→ HOW TO COMPLETE THIS TASK
In the records below, find the line with "SW-MOTECH / SWモテック" and the line with "Produktbild Topwrite Rulerset". Print both exactly, along with every line between them, and no other line.
[RECORDED INFORMATION]
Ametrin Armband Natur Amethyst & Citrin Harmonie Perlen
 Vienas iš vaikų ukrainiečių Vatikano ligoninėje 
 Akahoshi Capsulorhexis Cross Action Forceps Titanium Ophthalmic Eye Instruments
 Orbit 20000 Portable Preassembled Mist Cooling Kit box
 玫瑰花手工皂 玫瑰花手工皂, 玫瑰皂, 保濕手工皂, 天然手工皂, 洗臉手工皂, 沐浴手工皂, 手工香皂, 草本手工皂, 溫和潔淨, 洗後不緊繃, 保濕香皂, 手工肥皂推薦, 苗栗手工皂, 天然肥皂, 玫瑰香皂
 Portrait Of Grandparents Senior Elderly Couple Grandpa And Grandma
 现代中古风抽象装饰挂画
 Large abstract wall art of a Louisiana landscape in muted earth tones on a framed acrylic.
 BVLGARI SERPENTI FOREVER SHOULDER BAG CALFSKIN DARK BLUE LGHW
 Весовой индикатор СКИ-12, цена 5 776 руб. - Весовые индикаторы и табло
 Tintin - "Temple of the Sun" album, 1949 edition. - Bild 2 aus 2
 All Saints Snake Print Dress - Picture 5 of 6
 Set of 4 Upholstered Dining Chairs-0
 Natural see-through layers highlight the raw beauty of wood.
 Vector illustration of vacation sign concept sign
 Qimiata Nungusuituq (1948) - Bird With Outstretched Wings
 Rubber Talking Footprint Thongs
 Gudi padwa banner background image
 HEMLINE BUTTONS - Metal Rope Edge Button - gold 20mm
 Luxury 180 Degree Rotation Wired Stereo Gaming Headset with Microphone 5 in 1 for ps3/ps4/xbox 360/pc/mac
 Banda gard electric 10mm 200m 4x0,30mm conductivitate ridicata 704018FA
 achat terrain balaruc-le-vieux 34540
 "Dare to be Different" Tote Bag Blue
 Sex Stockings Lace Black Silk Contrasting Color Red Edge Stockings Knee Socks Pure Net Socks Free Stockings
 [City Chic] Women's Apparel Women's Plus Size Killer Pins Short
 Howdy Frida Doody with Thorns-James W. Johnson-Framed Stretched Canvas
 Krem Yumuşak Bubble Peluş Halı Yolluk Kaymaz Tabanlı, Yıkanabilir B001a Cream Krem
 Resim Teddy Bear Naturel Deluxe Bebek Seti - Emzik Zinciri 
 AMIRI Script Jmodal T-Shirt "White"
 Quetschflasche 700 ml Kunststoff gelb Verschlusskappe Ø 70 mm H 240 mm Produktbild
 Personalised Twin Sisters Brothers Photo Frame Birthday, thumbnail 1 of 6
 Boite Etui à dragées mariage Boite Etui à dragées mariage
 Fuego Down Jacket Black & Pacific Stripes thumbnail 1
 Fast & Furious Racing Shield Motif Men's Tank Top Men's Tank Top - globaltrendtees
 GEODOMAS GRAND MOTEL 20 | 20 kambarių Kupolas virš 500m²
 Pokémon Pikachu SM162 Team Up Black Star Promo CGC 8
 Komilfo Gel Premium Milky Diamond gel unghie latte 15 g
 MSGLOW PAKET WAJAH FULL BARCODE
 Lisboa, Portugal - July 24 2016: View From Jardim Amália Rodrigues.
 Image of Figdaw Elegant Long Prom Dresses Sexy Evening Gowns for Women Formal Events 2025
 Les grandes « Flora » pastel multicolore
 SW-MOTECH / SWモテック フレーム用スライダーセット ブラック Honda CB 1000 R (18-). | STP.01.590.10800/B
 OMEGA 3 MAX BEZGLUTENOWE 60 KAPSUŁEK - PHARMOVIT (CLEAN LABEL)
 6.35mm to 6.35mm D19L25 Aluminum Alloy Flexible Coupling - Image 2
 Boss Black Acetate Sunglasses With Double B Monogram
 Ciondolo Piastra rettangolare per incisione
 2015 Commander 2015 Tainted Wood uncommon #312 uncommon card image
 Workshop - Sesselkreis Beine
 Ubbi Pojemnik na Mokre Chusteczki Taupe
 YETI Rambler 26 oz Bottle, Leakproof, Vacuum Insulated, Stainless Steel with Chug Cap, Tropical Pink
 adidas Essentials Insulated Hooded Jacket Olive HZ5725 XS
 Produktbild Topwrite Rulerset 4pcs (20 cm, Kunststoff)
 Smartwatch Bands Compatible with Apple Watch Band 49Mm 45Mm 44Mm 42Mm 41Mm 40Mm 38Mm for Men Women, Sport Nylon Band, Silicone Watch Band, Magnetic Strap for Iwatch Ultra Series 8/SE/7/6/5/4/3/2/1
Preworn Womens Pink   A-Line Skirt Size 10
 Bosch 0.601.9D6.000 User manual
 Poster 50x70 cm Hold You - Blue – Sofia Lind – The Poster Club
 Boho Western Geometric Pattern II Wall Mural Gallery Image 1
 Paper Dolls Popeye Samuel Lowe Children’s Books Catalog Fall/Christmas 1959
[/RECORDED INFORMATION]
→ WRITTEN SOLUTION
 SW-MOTECH / SWモテック フレーム用スライダーセット ブラック Honda CB 1000 R (18-). | STP.01.590.10800/B
 OMEGA 3 MAX BEZGLUTENOWE 60 KAPSUŁEK - PHARMOVIT (CLEAN LABEL)
 6.35mm to 6.35mm D19L25 Aluminum Alloy Flexible Coupling - Image 2
 Boss Black Acetate Sunglasses With Double B Monogram
 Ciondolo Piastra rettangolare per incisione
 2015 Commander 2015 Tainted Wood uncommon #312 uncommon card image
 Workshop - Sesselkreis Beine
 Ubbi Pojemnik na Mokre Chusteczki Taupe
 YETI Rambler 26 oz Bottle, Leakproof, Vacuum Insulated, Stainless Steel with Chug Cap, Tropical Pink
 adidas Essentials Insulated Hooded Jacket Olive HZ5725 XS
 Produktbild Topwrite Rulerset 4pcs (20 cm, Kunststoff)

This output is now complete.